##### Records to process #####

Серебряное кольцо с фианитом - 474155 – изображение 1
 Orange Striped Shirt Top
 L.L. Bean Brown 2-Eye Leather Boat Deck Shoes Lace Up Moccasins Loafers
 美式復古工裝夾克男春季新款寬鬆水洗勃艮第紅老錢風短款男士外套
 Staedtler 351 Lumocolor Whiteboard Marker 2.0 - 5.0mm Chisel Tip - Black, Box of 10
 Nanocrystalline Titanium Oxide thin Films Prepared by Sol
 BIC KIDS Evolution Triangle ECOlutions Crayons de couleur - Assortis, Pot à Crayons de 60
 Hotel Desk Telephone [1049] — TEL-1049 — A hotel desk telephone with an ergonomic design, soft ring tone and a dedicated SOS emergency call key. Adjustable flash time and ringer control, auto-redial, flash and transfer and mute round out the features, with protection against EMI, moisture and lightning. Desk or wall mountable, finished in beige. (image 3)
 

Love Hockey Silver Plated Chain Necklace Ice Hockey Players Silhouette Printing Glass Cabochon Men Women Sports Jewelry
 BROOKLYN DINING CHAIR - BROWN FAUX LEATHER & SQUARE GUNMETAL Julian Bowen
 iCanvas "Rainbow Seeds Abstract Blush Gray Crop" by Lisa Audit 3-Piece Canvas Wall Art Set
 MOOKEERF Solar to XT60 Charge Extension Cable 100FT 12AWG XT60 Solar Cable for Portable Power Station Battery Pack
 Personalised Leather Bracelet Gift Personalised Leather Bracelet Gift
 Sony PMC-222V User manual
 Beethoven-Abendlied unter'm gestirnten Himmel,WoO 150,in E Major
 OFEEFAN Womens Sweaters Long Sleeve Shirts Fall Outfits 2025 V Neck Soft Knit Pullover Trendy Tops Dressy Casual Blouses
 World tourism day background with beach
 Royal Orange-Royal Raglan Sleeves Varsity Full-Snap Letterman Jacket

#####

** Task to carry out **
Repeat word for word each line from the one with "Personalised Leather Bracelet Gift Personalised" to the end of the records above, inclusive.

** Answer space **
 Personalised Leather Bracelet Gift Personalised Leather Bracelet Gift
 Sony PMC-222V User manual
 Beethoven-Abendlied unter'm gestirnten Himmel,WoO 150,in E Major
 OFEEFAN Womens Sweaters Long Sleeve Shirts Fall Outfits 2025 V Neck Soft Knit Pullover Trendy Tops Dressy Casual Blouses
 World tourism day background with beach
 Royal Orange-Royal Raglan Sleeves Varsity Full-Snap Letterman Jacket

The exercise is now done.